Q - Les deux questions suivantes sont posées par rapport au référendum qui s'est tenu, fin mai, dans votre pays. Que signifie cette décision des citoyens français ? Une position claire et précise ou une connaissance insuffisante de la politique d'adhésion ?
R - Le 29 mai dernier, les citoyens français n'ont pas refusé l'Europe, j'en suis convaincue, mais peut-être plutôt une certaine façon de la faire. Il est certain que nous devons mieux expliquer les enjeux européens et aussi trouver le moyen de mieux associer notre Parlement mais aussi les collectivités locales, les partis politiques, les partenaires sociaux et les représentants de la société civile. Par ailleurs, il est possible que le processus d'élargissement ait suscité des craintes et des interrogations parce que certains de nos compatriotes les perçoivent comme une fuite en avant, un processus que rien ne pourrait interrompre et qui échapperait à tout contrôle politique. Pour ce qui concerne les dix Etats qui nous ont rejoints l'année dernière, je voudrais que l'on comprenne davantage que leur adhésion est positive pour toute l'Europe et pour la France. Ce sont de nouveaux marchés et des perspectives de croissance. C'est aussi un mouvement historique vers la réunification du continent européen.

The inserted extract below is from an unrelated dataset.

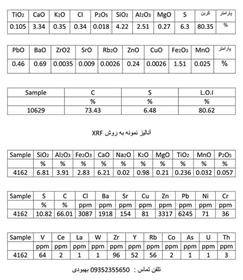 فروش کربن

Q - Quel est votre pronostic en ce qui concerne le calendrier de l'adhésion des pays des Balkans à l'Union européenne ? Un avenir clair et rapide ou une intégration difficile et lente ?
R - Dès le Sommet de Zagreb en 2000, les pays de l'Union européenne ont affirmé la perspective européenne pour les pays des Balkans mais il ne peut y avoir de calendrier prédéterminé parce que cela dépendra d'abord et avant tout de leur évolution politique et économique. Dire que cela sera facile serait trompeur. Il n'y a pas de raccourci vers l'Union européenne. La responsabilité première est celle des pays qui veulent nous rejoindre qui doivent, pour cela, poursuivre leur transformation et respecter toutes les conditions requises, comme l'ont fait avant eux tous les pays aujourd'hui membres de l'Union européenne.

Q - Concernant la situation dans les banlieues françaises, peut-on trouver une solution efficace ?
R - Les événements que nous venons de vivre témoignent d'un malaise profond. La première nécessité est de respecter la loi et le retour au calme. C'est un préalable mais nous ne construirons rien de durable sans le respect mutuel et sans combattre les discriminations. Le devoir de la République est d'offrir partout et à chacun les mêmes chances alors que certains territoires cumulent trop de handicaps, trop de difficultés. Le gouvernement est à l'oeuvre. Il vient de prendre des décisions importantes pour l'éducation, le logement, la formation et la lutte contre les discriminations. Il s'agit nécessairement d'un effort de longue haleine et nous ne changerons pas les choses en profondeur sans l'engagement de chacun.